Millions of Trekkies recently celebrated the birthday of Star Trek creator Gene Roddenberry. I was a sci-fi nut growing up, and that was hands down my favorite show as a kid. What I loved most was its portrayal of a kinder, gentler, more united future world.

There was a United Federation of Planets. Everyone on Earth lived in peace. And nobody seemed to notice or care that Uhura was a black woman, Sulu was Asian, Chekov was a wacky Russian and Spock was a pointy-eared Vulcan (except when Dr. McCoy would go off on one of his rants).

The series featured the first interracial kiss on TV and an entire episode devoted to the folly of racial bias, “Let that be your last battlefield.” That was 50 years ago. Roddenberry was a true visionary. And the guy had guts, as did NBC for running the show back in the racially charged 60s, and during the cold war era and feminist movement, no less.

Most of you probably wouldn’t remember the tag line from the Virginia Slims commercials of the time, “You’ve come a long way, baby.” I’d like to echo that sentiment and applaud how far we’ve come. In some ways we have come a long way. In other ways, not so much.

We are a fickle culture. We talk a good story about diversity and individuality while suppressing and bullying those with different viewpoints and acting out with angry posts and vitriolic rants all over the Web. And yes, those are, in many cases, the same people talking out of both sides of their mouths.

Another glaring example of our cultural duplicity is the way we rail against discrimination, all the while using software tools that filter job candidates based on gender and ethnicity to fill equal opportunity quotas. We call that little bit of hypocrisy diversity recruiting.

And we love to typecast. We do. Not only are we forever pigeonholing, categorizing, characterizing, and labeling, much of the common wisdom about popular stereotypes are simply false. Here are a few examples:

We lump Gen Y, Gen X, and Baby Boomers into neat little generational bins as if everyone born within a certain time span shares the same cultural beliefs, behaviors, strengths, and limitations.

We characterize the eating and sleeping habits of wealthy, successful people like they’re caged animals in a zoo. Meanwhile, none of that stuff has anything to do with wealth creation or professional achievement. None of it.

We’ve branded millennials as the entrepreneurial generation when, in reality, that’s a complete myth. Many millennials may identify with entrepreneurship but, contrary to popular belief, there’s actually been a long-term decline in startup creation in America and that trend is most pronounced among the millennial age group.

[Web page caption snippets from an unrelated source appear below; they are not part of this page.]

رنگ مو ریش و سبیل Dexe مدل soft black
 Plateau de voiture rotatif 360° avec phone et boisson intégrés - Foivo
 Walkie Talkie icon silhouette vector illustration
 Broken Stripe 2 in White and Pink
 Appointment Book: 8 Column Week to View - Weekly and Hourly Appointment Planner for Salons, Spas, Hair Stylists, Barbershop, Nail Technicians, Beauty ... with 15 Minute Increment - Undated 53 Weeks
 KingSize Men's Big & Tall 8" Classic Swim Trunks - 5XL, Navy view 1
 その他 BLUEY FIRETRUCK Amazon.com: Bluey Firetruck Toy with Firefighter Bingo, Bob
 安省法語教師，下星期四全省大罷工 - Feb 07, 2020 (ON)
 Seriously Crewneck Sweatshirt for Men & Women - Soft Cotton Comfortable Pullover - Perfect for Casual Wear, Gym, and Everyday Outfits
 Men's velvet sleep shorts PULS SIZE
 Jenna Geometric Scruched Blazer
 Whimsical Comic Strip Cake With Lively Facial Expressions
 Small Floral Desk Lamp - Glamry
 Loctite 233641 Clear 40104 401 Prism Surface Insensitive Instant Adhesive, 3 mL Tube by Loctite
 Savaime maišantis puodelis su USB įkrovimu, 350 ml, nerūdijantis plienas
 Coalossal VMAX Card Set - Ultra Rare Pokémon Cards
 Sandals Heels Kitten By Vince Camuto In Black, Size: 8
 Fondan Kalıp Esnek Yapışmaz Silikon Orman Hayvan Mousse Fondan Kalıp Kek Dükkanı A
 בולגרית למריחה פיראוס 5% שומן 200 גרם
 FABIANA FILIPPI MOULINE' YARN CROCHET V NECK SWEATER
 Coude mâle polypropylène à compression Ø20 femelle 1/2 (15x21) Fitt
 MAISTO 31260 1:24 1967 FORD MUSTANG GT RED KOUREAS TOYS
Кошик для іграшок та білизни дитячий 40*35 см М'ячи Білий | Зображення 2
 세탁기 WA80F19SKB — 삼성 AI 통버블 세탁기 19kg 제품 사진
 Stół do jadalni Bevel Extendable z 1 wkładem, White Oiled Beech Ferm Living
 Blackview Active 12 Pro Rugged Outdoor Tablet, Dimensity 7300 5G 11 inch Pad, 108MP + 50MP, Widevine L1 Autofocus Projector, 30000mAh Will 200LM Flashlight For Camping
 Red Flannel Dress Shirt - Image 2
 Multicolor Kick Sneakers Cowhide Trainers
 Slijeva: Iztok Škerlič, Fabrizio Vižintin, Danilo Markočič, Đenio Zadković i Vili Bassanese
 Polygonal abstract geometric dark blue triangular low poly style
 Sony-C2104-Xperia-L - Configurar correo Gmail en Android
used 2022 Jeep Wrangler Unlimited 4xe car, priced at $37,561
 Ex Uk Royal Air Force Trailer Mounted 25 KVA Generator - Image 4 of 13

We talk about women, racial groups, and people of different sexual orientations as if they all feel disadvantaged in some common way, which they don’t. Meanwhile, you’d never know we have a gay CEO leading the world’s most valuable company, a black former president and a woman who came very close to succeeding him.

We love to talk about movements and how we’re going to change the world but most of us never even lift a finger for a cause, except maybe to type a hashtag on Twitter.

We put business leaders on iconic, charismatic, extroverted, inspirational, emotionally intelligent pedestals when, if that were true, guys like Bill Gates, Warren Buffett, Mark Zuckerberg, and Larry Page never would have made it. That’s what really gets me. The way we stereotype entrepreneurs. What a load of nonsense.

Funny, I was just watching a video of Trader Joe’s founder Joe Coulombe and, I’ve got to tell you, that guy is so not your stereotypical entrepreneur. He’s a Stanford MBA who used to run a bunch of 7-11 style convenience stores for Rexall Drugs. And he’s got about as much charisma as a bar of soap.

Everything that made Trader Joe’s unique and successful — from the tropical theme and small number of SKUs right down to the great employee pay and benefits and the unlikely marriage of liquor and health food — is so logical, so practical, so methodical, it’s not the least bit surprising that a boring businessman came up with it.

Here’s a novel idea. How about we honor Roddenberry’s vision of a better planet by having a moratorium on stereotypes and duplicity and just seeing each other as individuals for a while? What do you say, fellow Earthlings?